Olexiy Haran — professor de política comparativa da Universidade Nacional de Kiev-Mohyla (Ucrânia) — alerta que, caso a Rússia tente controlar a ex-república soviética, a China poderá replicar as táticas contra o arquipélago capitalista de Taiwan. "Depois que os EUA e aliados foram expulsos do Afeganistão, no ano passado, uma derrota na Ucrânia minaria a credibilidade do Ocidente. Para a China, a ocupação russa da Crimeia e a ameaça de ataque à Ucrânia são um exemplo de como Pequim poderia tentar desestabilizar Taiwan", afirmou à reportagem.
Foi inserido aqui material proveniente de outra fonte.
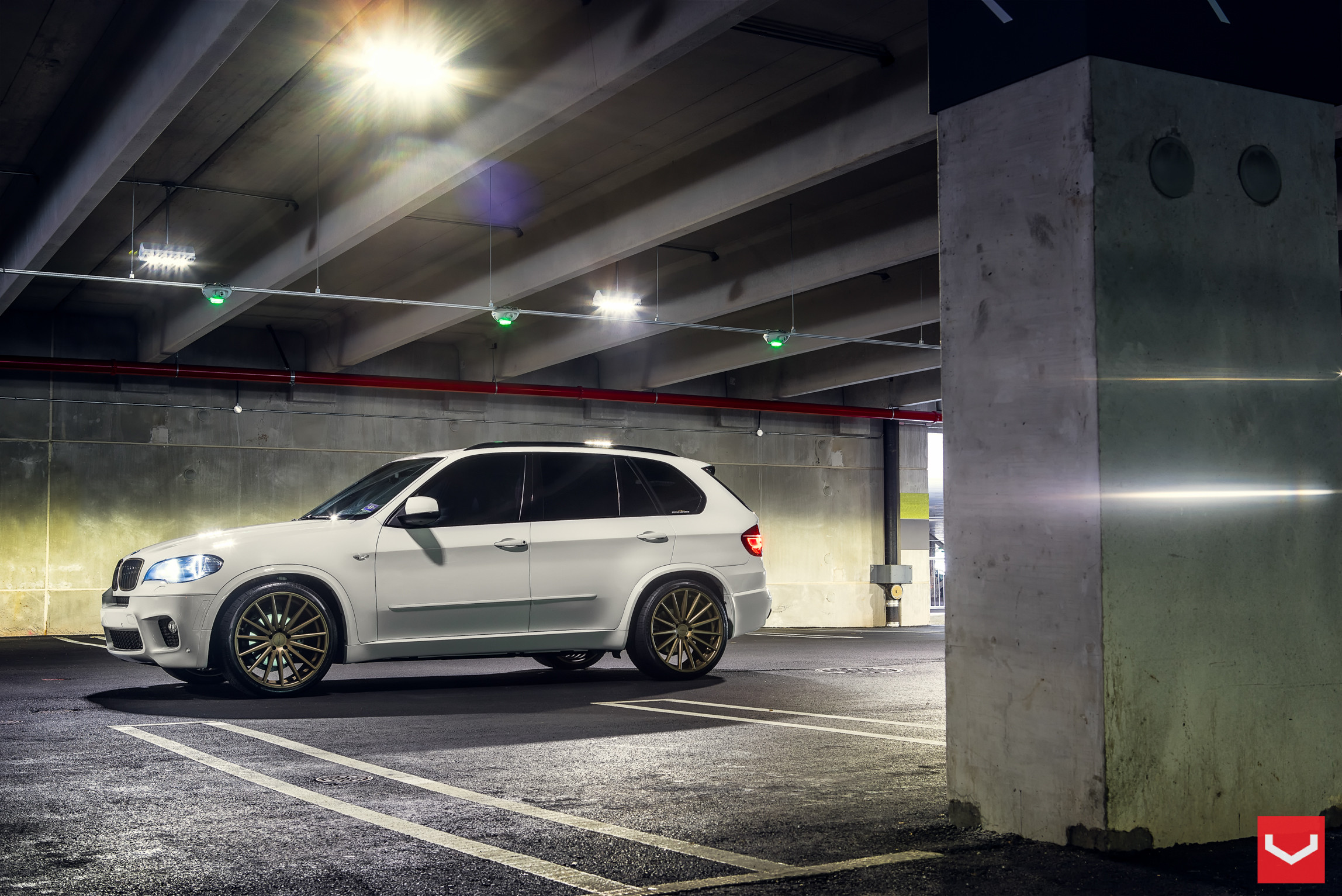White BMW X5 with Aftermarket Bodyside Moldings - Photo by Vossen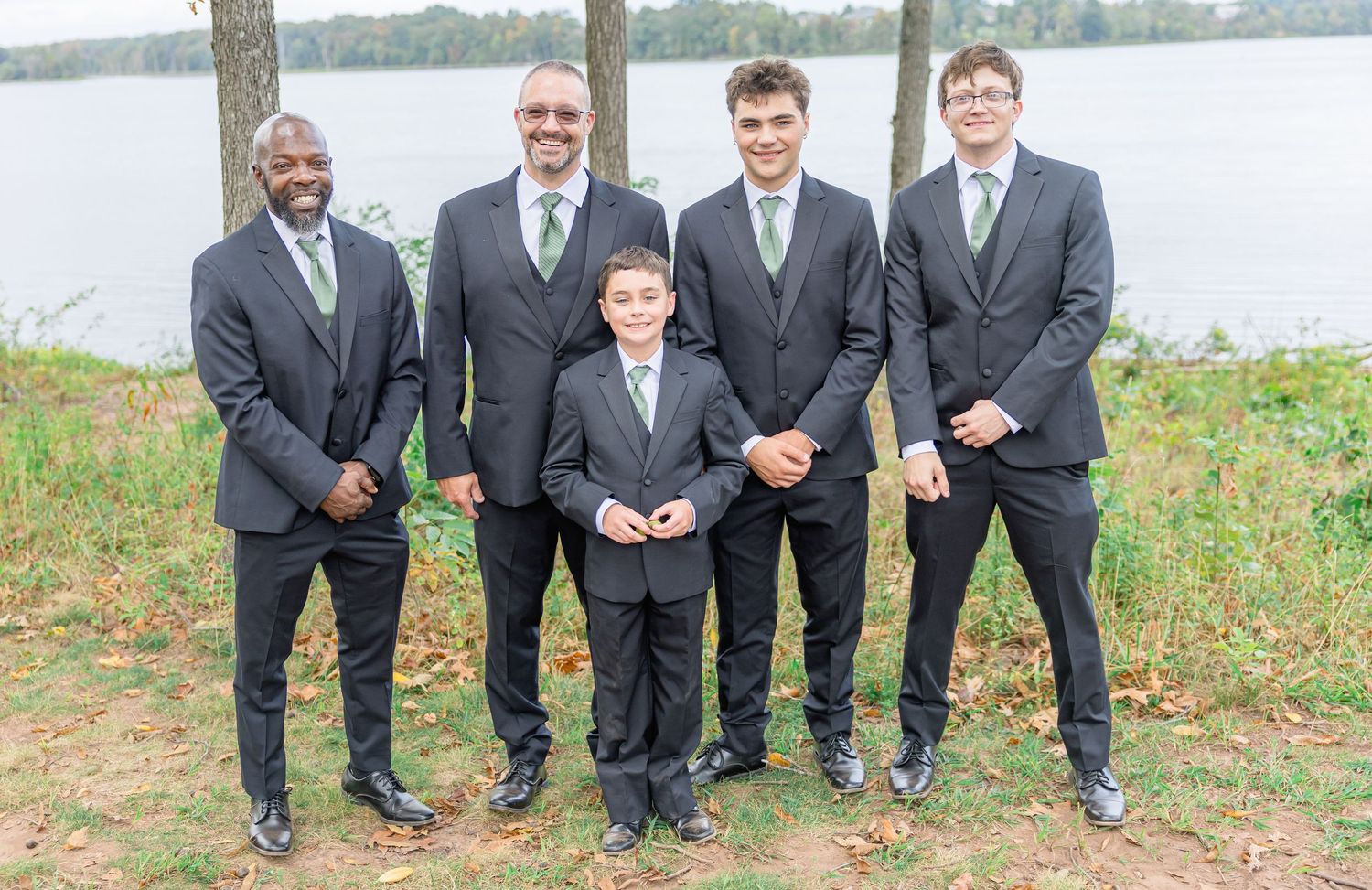 Groomsmen in dark suits pose together outdoors at wedding.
Rumores dão conta de que Xi pediu a Putin que não comece uma agressão à Ucrânia durante os Jogos Olímpicos de Inverno de Pequim (de 4 a 20 de fevereiro). Em 2014, a Rússia anexou a Crimeia logo após o fim das Olimpíadas de Inverno sediadas no balneário russo de Sochi. "Não sabemos o que está na mente de Putin. Podemos ter entre duas e três semanas para o Ocidente estudar uma estratégia de reação às agressões da Rússia", disse Haran.